The Terrapins tennis season did not end the way the team wanted. After entering the ACC tournament with plenty of momentum from four wins in six matches, the Terps suffered a 4-1 loss to Wake Forest in the first round.
But after the Terps followed a 4-0 start with a stretch of one win in 11 matches, the loss to the Demon Deacons served as a fitting end to an up-and-down year for a young team in its last season in the ACC.
“I feel like we were improving until the end, and that was important,” sophomore Nataliya Bredikhina said. “This loss was coming right after some good victories. We were improving, we were believing in ourselves.”
Even before their fast start, the Terps entered the year with optimism coming off a 6-16 campaign in 2013. Senior Welma Luus — who missed last season with a torn labrum — returned for her junior season of eligibility, coach Daria Panova was entering her second season and the Terps had seven underclassmen on their eight-player roster.
Also, the Terps performed well in the fall at the Cissie Leary Invitational, with no player losing in the first round.
Early in the regular season, the Terps gave more reason to believe this year would be different. After beating Pittsburgh on Feb. 28, the Terps improved to 5-3, had an ACC victory and were ranked No. 61 in the nation, the highest they’d been ranked since February 2012.
But a month-long losing streak derailed the Terps’ promising season. During March, the team was unable to register a point in four separate matches and lost to five ranked teams.
By early April, the Terps had been swept seven times and had not won a match against a ranked opponent.
“We were playing against teams who were the best teams in the country,” Panova said. “Of course the confidence was down, especially for a young team that doesn’t really know how to win yet.”
Things began to turn around for the team, however, with their match against Syracuse on April 6. The match was knotted at three when the Terps lined the court next to where Olga Bredikhina was playing.
When the sophomore scored the clinching point to give the Terps their first win against a ranked opponent and their first ACC win since the match against Pittsburgh, the players rushed her court in celebration.
In the next match, against Wake Forest, the Terps won again.

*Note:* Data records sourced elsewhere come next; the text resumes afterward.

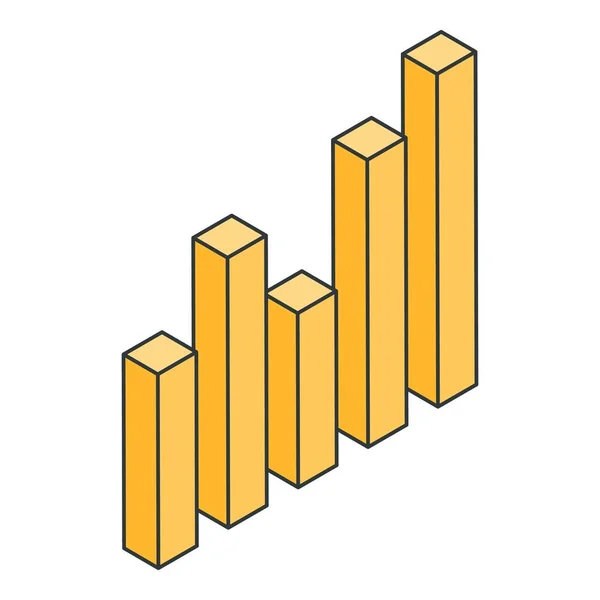 Yellow graph bar icon, isometric style — Stock Vector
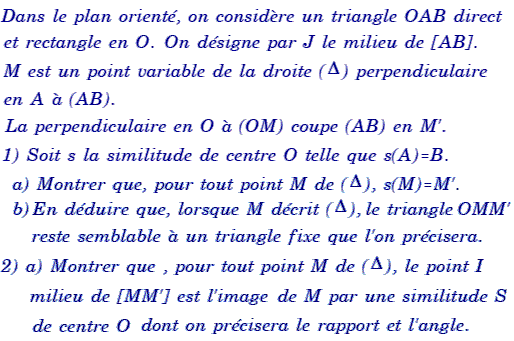 exercice Similitude directe et lieux de points (image1)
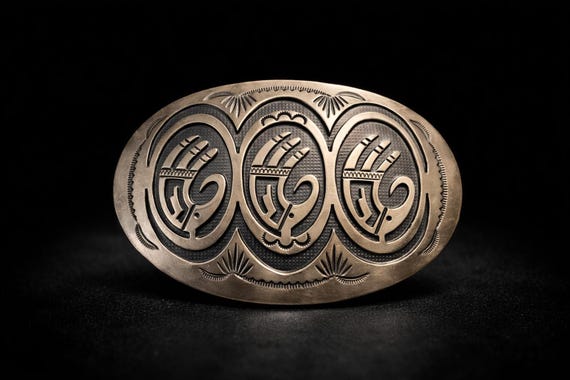 Signed Sterling Silver Belt Buckle – Handmade Southwestern– Vintage Overlay – Hallmarked “A”, Custom Belt Optional
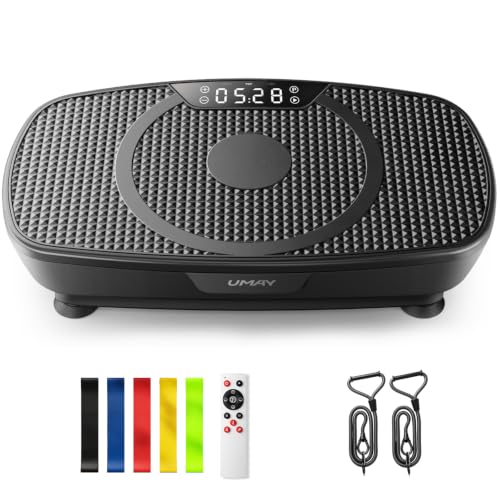 UMAY Black Curved Vibration Plate Exercise Machine with 120 Speeds & Bluetooth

This time it was Nataliya Bredikhina who clinched the match-winning point to send her teammates onto the court in celebration. Back-to-back wins against ranked opponents that came down to the final singles match gave the Terps the confidence they had been missing for much of the season.
Three of the Terps’ last four wins were decided by one point. They finished the with a 9-12 overall record and a 4-10 mark in the ACC.
“Overall, it was better than last year,” Olga Bredikhina said. “It’s the most important thing that we improved as a team and that we got closer together.”
The Terps entered the ACC tournament as the No. 12 seed and faced a first-round rematch with the No. 13-seed Demon Deacons.
But Wake Forest came out on top to hand the Terps their ninth consecutive loss in the first round of the ACC tournament. The team will also be left out of the NCAA tournament for the eighth straight time after producing a losing record this season.
“To be honest, [the NCAA tournament] was the main goal,” Nataliya Bredikhina said. “It’s kind of a disappointment a little bit. But we have to use this disappointment to push ourselves for the next season.”
The Terps experienced several peaks and lows in the 2014 season. But while their focus shifts toward next season in the Big Ten, the Terps appreciate the improvements from this year while remaining unsatisfied with another early end to the season.
“It was better than it was last year,” Nataliya Bredikhina said. “At the same time, I’m very ambitious. I feel like next season we have to do even better because I believe the entire team is good enough to do much better than we did this season.”